WHAT IS NEEDED — Exactly the lines from the line containing "Ventanal con capiteles" through the final line of the entries below must be returned, and only those, without pictures.

DATA TO USE —
=== Begin Enclosure ===

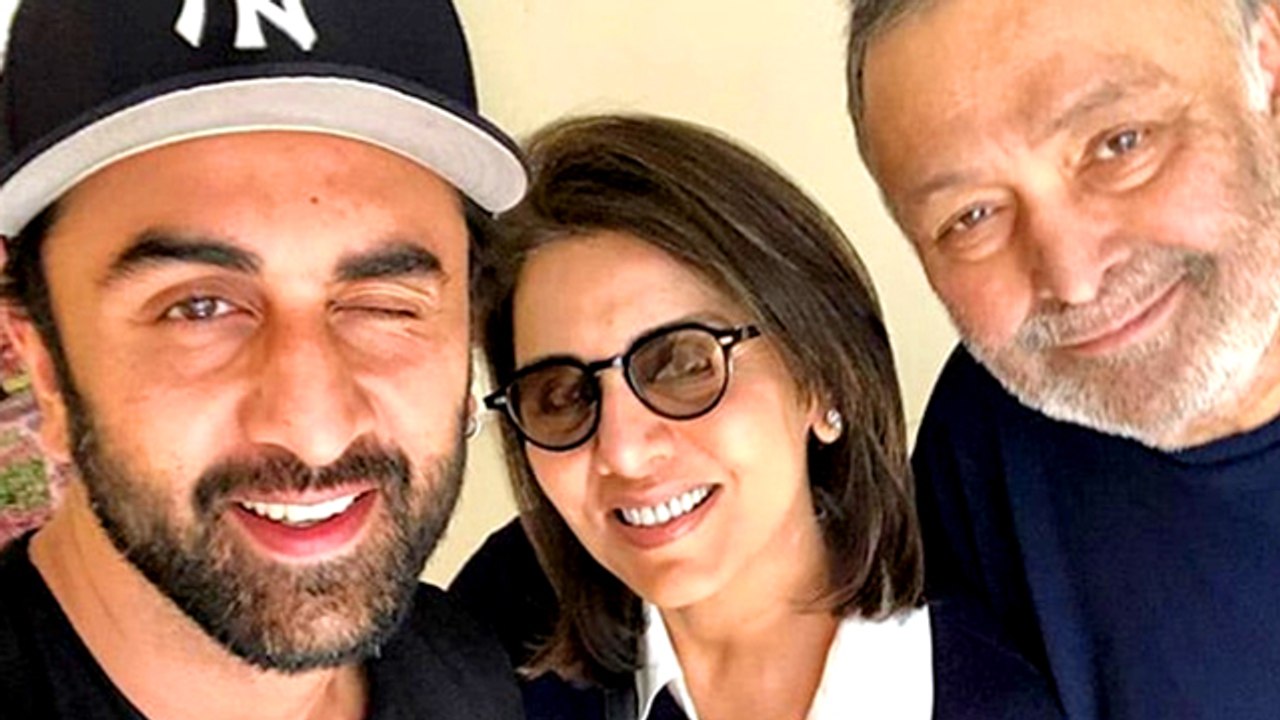 Ranbir Kapoor Is Full Of Smiles With Dad Rishi Kapoor and Mum Neetu Kapoor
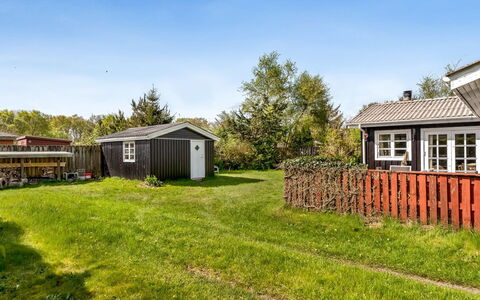 Ingobert - 50M from the Sea: Grass, Grassland, Landscape, Ecoregion, Plain, Plant Community, Land Lot, Outdoor Furniture, Prairie, Shrubland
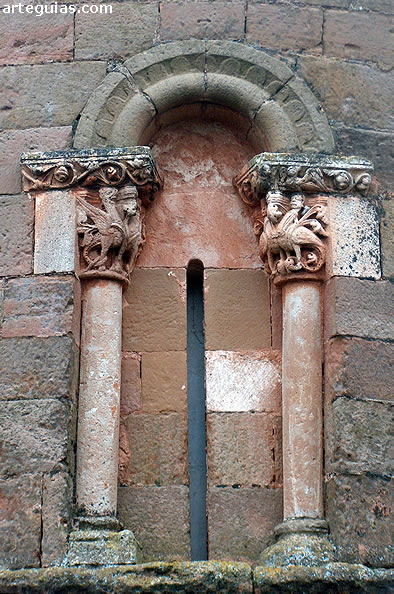 Ventanal con capiteles que muestran una pl&aacute;stica relacionada con el mundo silense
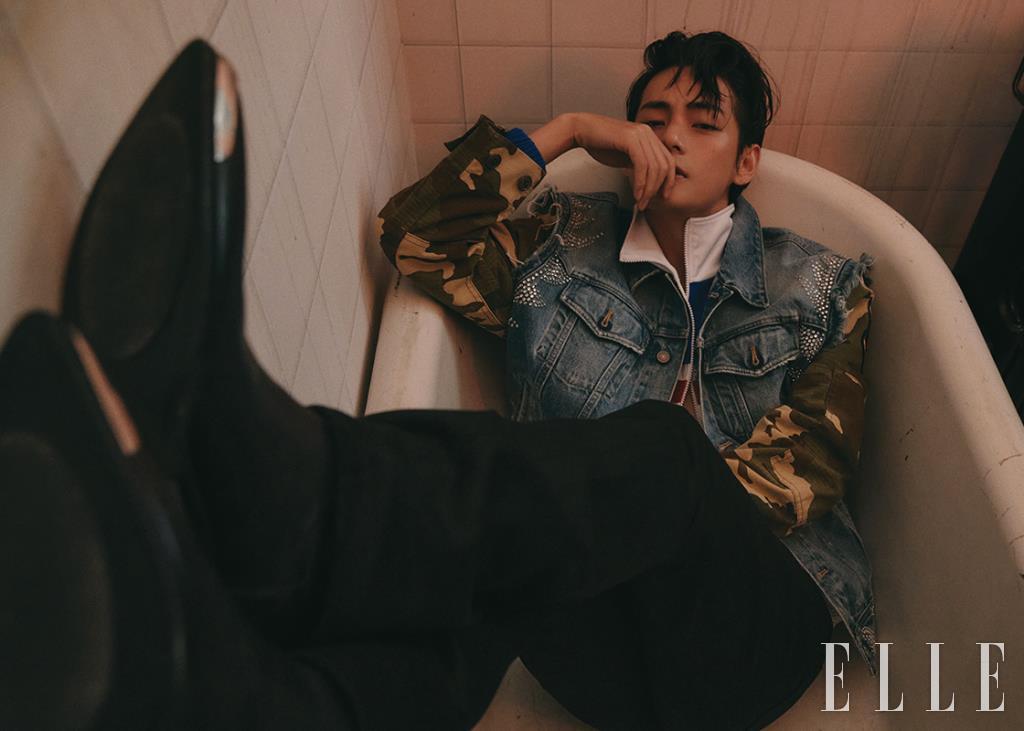 BTSItalia_twt2's tweet photo. 📷| #V x ELLE Korea ✨️ (4/7)
#ELLExV @BTS_twt
🔗 https://t.co/E4tgN2RfYQ https://t.co/5RlNCGlB5B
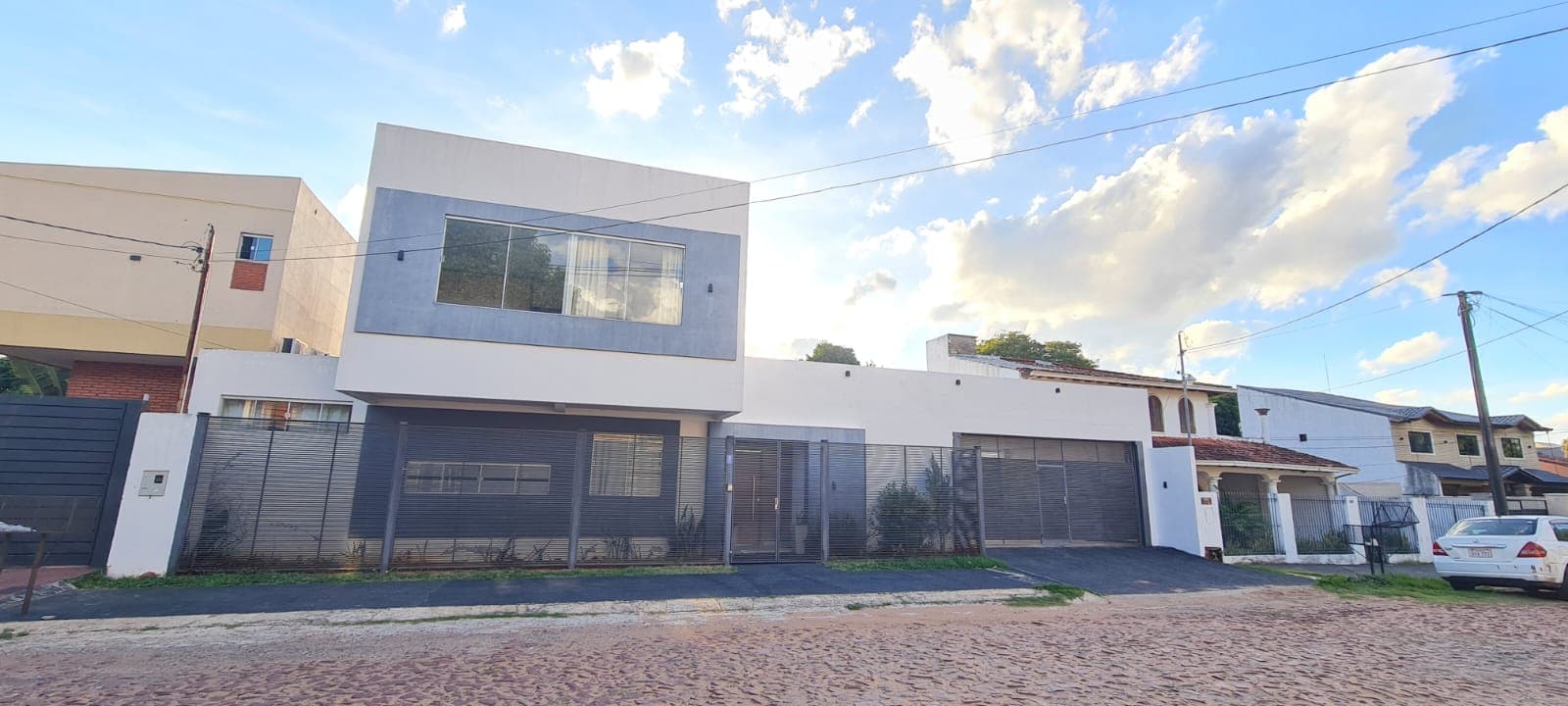 Vendo Bella Casa de Lujo, seminueva, en Lambaré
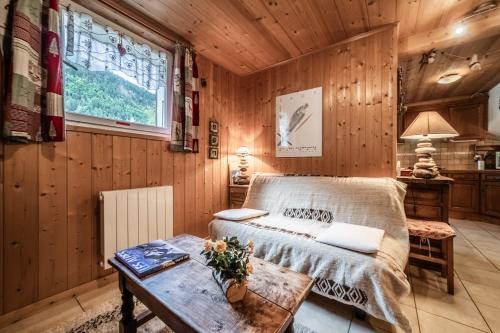 サン・ジャン・ドルプにあるChalet Ermenaのベッドとテーブルと窓のある部屋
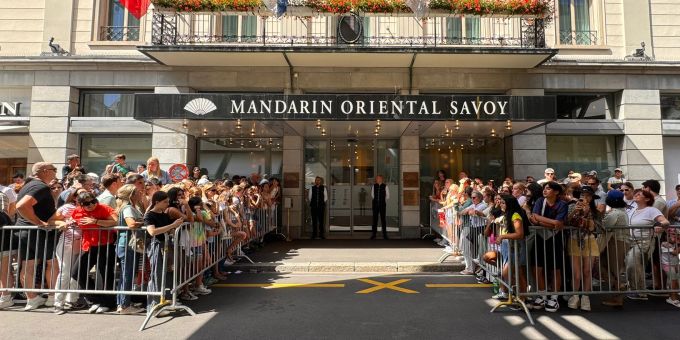 In Hitze - Swift-Fans belagern Hotel am Paradeplatz – Teenie kollabiert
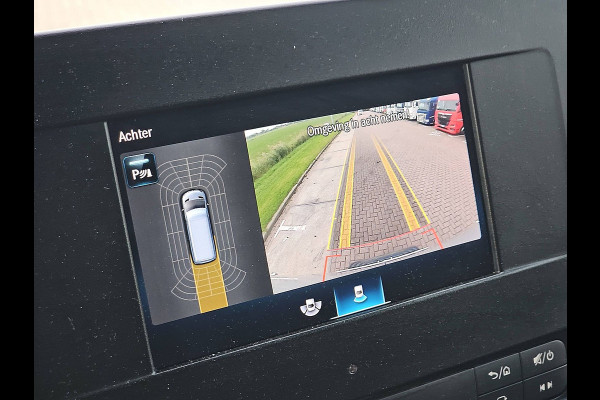 Mercedes-Benz Sprinter 317 L2H2 Cruise control, Airco, Pdc, Mbux, Carplay, Camera, Climate control
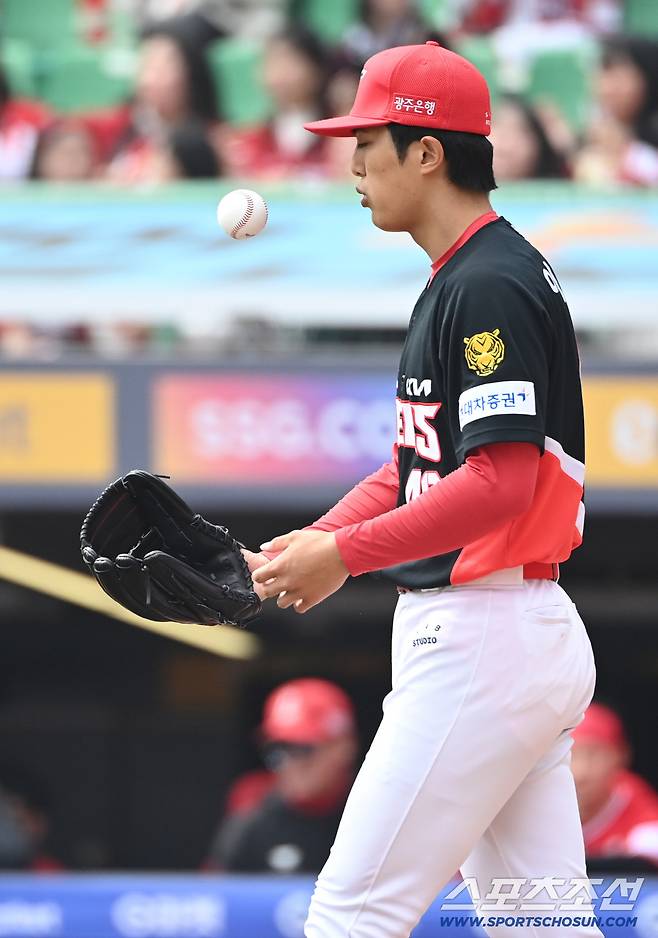 '불명예 1위' 17.36 심각하다, KIA 좌완 에이스 왜 이럴까…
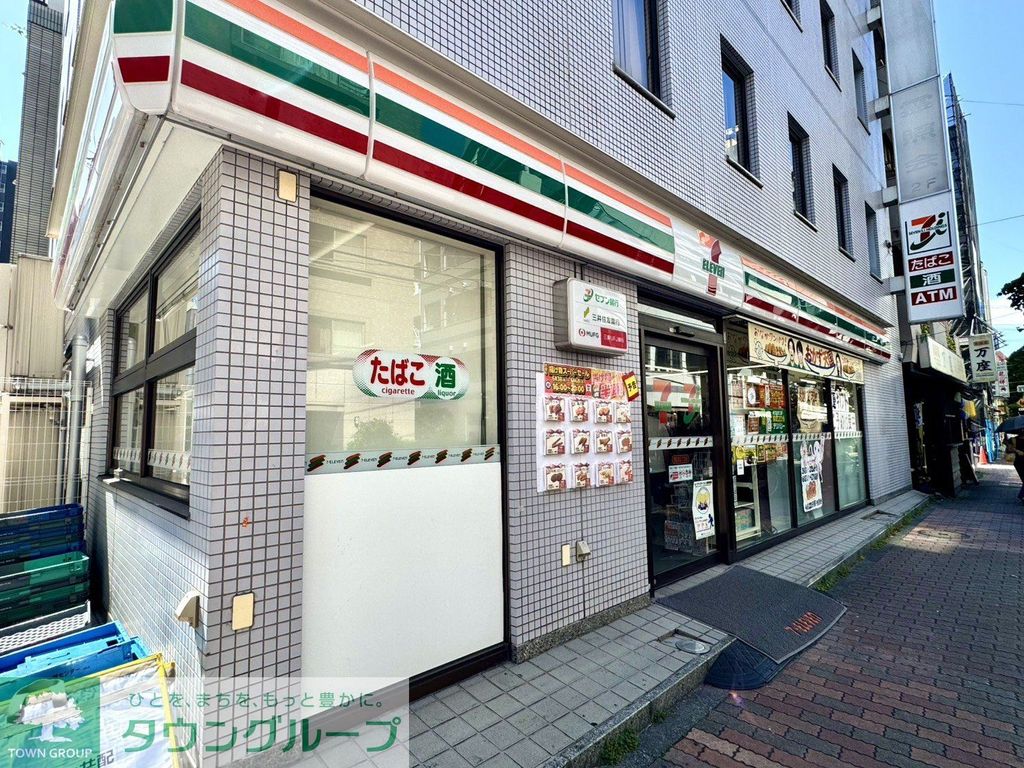 コンビニ　セブンイレブン港区芝2丁目店（コンビニ）まで160m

=== End Enclosure ===

TASK ANSWER —
 Ventanal con capiteles que muestran una pl&aacute;stica relacionada con el mundo silense
 BTSItalia_twt2's tweet photo. 📷| #V x ELLE Korea ✨️ (4/7)
#ELLExV @BTS_twt
🔗 https://t.co/E4tgN2RfYQ https://t.co/5RlNCGlB5B
 Vendo Bella Casa de Lujo, seminueva, en Lambaré
 サン・ジャン・ドルプにあるChalet Ermenaのベッドとテーブルと窓のある部屋
 In Hitze - Swift-Fans belagern Hotel am Paradeplatz – Teenie kollabiert
 Mercedes-Benz Sprinter 317 L2H2 Cruise control, Airco, Pdc, Mbux, Carplay, Camera, Climate control
 '불명예 1위' 17.36 심각하다, KIA 좌완 에이스 왜 이럴까…
 コンビニ　セブンイレブン港区芝2丁目店（コンビニ）まで160m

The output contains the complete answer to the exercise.